Many civil rights groups, including the Council for American-Islamic Relations and the ACLU are trying to fight this. The Life Legal Defense Foundation, a pro-life organization, is too. They believe the bill was signed in order to lock up anti-abortion activists forever. And if that’s the case, we can’t imagine Rick Santorum’s presidential campaign will gain too much traction.
“President Obama’s action today is a blight on his legacy because he will forever be known as the president who signed indefinite detention without charge or trial into law,” Anthony D. Romero, ACLU executive director, said in a statement on the group’s site. “The statute is particularly dangerous because it has no temporal or geographic limitations, and can be used by this and future presidents to militarily detain people captured far from any battlefield. The ACLU will fight worldwide detention authority wherever we can, be it in court, in Congress, or internationally.”
The ACLU press release continued: “The ACLU believes that any military detention of American citizens or others within the United States is unconstitutional and illegal, including under the NDAA. In addition, the breadth of the NDAA’s detention authority violates international law because it is not limited to people captured in the context of an actual armed conflict as required by the laws of war.”
But Obama’s signature isn’t a shock. He’s been deciding which laws he likes and doesn’t like for the past three years. And his decisions will have long-lasting consequences on what role the president does, or does not, have within many legal issues. Take the Defense of Marriage Act, which re-defines marriage as between a man and woman. Obama was called heroic when he announced in February that he found the Act unconstitutional and would ask his Just Department to stop defending it – and that’s fucked up. That’s not how things get changed. That’s how you set a precedent for a future Republican president to not defend pieces of Obama’s healthcare law, simply because that future Republican president doesn’t agree with it, for moral or political reasons. (This is how laws are actually, eventually changed.)
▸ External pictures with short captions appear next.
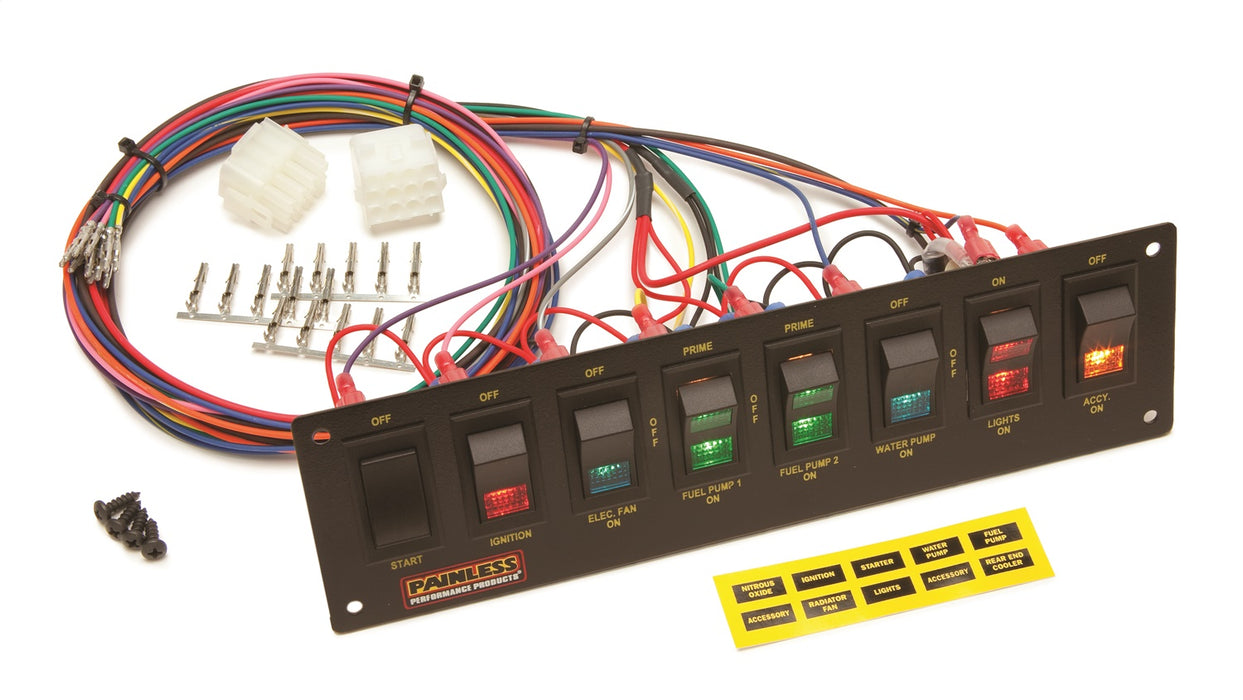 Painless Wiring 50201 8-Switch Panel; Non-Fused; Dash Mount; Use w/PN[50001]; - Truck Part Superstore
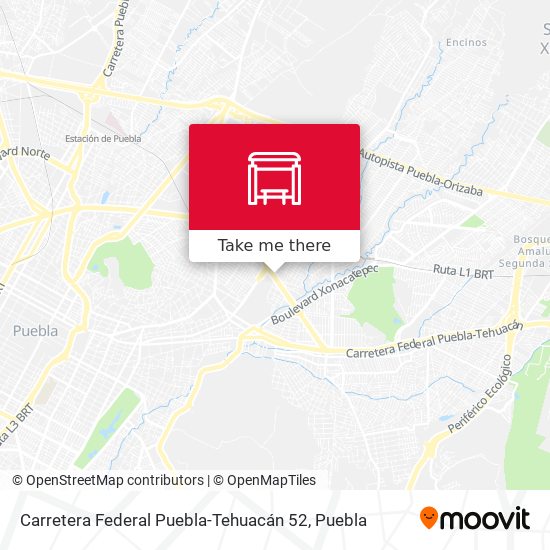 Carretera Federal Puebla-Tehuacán 52 map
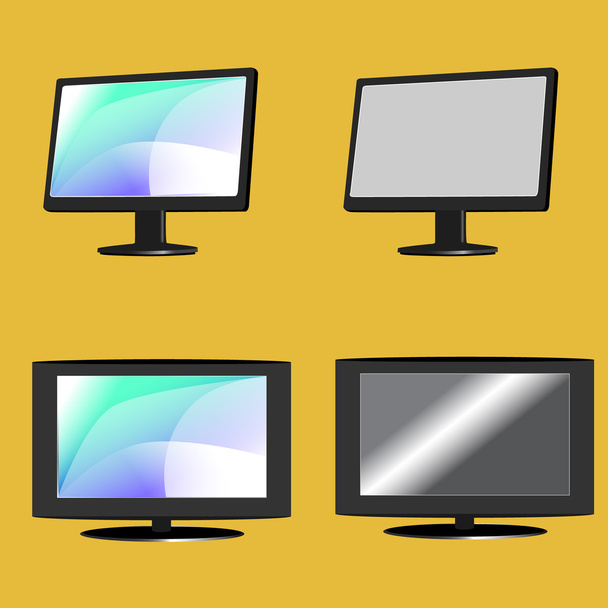 Monitor i tv - wektor - Wektor, obraz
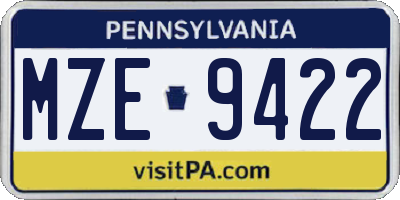 PA license plate MZE9422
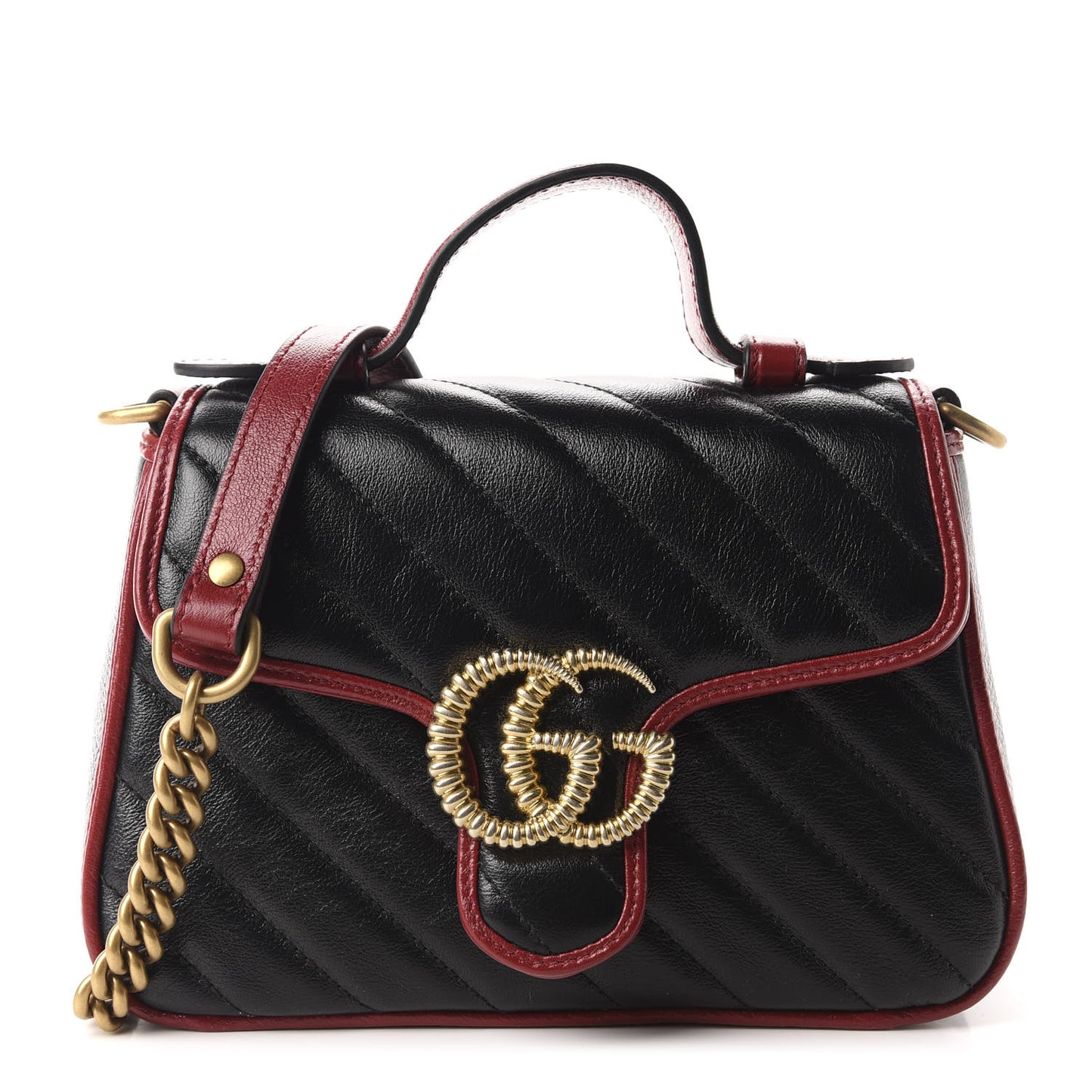 Vintage Effect Calfskin Matelasse Diagonal Mini Torchon GG Marmont Top Handle Shoulder Bag Black Romantic Cherry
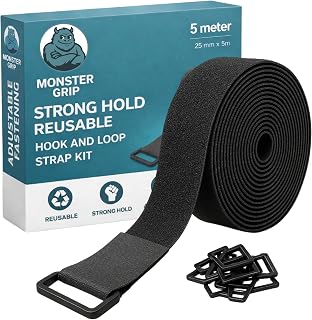 Adjustable Cable Strap 5m x 25mm, Extreme Grip 25 Buckles, Hook & Loop Kit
“President Obama’s refusal to defend a law that was overwhelmingly supported on both sides of the aisle and signed into law by a president of his own party is an affront to the will of the people,” Rick Santorum said on the campaign trail back in February. “And it begs the question, what language changed in the constitution since 2008 to reverse his position?”
Similarly, what changed that allows the president to detain people around the globe, indefinitely? Over the last decade, very little.